0

Scenario: Let's say I have a transactions table and I want details of only the last transaction for every user.

So, in the example below I want this result:

| userId | trxType | trxDate  |
|--------|---------|----------|
| 1      | c       | 20190103 |
| 2      | a       | 20190104 |

I know this is not a good solution, but would I be right to safely assume that using GROUP BY without an aggregate, on an ordered subquery, would return the correct data in this case (ie. pick fields from the first column for each group)?

I tried the following test and it seems to work fine, but I've read some posts that say they are selected at random ¬_¬ (Unions are there to mimic a table to have a standalone query).
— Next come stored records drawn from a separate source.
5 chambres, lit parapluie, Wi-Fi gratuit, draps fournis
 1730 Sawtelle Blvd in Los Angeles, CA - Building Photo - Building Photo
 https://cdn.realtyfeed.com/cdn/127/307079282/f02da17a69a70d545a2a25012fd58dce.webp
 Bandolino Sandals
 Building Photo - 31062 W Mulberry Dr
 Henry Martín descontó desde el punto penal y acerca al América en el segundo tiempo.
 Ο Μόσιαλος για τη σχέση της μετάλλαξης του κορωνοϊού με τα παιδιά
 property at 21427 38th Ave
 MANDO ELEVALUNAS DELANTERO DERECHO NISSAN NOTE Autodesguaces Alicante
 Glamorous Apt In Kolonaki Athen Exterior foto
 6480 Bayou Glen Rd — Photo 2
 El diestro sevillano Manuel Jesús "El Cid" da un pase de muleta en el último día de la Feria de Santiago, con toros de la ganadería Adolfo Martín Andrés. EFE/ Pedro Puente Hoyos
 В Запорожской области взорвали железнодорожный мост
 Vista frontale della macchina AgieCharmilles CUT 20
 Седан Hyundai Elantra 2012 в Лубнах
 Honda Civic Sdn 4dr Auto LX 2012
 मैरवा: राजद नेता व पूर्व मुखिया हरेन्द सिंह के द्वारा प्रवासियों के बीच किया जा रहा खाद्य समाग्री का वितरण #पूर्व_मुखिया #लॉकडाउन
SELECT userid, trxType, trxDate
FROM (
        SELECT *
        FROM (
                SELECT 1 AS userid, 'a' AS trxType, '20190101' AS trxDate
                UNION
                SELECT 1 AS userid, 'b' AS trxType, '20190102' AS trxDate
                UNION
                SELECT 1 AS userid, 'c' AS trxType, '20190103' AS trxDate
                UNION
                SELECT 2 AS userid, 'a' AS trxType, '20190104' AS trxDate
                UNION
                SELECT 2 AS userid, 'b' AS trxType, '20190101' AS trxDate
        ) myTable ORDER BY trxDate DESC
    ) mySubQuery
GROUP BY userid;

Thanks!

Update

As I said, I know this is a bad solution and shouldn't be used. I just wanted to know if unaggregated GROUP BY selects the first item it encounters.

Anyway, in case you're looking for the best solution, I found this useful and clean as it allows for non-unique ordering fields, and also top N records per group if you want more than 1 (just edit the final condition):

SELECT x.userid, x.trxType, x.trxDate
FROM (
    SELECT t.userid, t.trxType, t.trxDate,
    @group_order := IF(@current_group = t.userid, @group_order + 1, 1) as group_order,
    @current_group := t.userid as current_group
    FROM transactions t
    ORDER by t.userid, t.trxDate DESC
) x
WHERE x.group_order = 1;

(IMP: always order by the grouping field first)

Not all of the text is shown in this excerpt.